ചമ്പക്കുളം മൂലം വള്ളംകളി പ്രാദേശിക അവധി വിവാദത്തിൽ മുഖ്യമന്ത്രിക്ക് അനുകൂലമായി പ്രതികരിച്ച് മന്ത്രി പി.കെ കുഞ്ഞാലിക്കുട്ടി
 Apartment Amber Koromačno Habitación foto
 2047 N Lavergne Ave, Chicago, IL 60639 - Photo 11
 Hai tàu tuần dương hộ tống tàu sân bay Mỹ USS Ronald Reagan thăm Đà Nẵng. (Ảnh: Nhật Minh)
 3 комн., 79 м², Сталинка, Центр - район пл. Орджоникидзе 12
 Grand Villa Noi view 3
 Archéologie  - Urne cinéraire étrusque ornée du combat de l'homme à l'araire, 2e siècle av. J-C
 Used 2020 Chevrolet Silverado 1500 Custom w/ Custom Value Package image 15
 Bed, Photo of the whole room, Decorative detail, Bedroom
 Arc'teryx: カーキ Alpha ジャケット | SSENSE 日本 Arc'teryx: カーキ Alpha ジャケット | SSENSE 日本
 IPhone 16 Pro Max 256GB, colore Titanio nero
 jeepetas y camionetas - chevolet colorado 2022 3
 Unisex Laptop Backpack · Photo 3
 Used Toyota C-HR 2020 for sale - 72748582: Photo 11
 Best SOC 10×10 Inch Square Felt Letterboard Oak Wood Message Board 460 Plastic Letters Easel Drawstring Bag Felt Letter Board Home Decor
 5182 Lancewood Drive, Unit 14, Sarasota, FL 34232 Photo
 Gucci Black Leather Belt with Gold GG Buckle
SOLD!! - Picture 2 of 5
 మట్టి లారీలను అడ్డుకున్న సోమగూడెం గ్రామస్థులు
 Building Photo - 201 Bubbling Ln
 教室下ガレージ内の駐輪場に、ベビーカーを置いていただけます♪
◇ ◇ ◇ ◇
### WORK TO COMPLETE
Say how many lines above hold the word "Photo", giving only the count.

### EXERCISE OUTPUT
6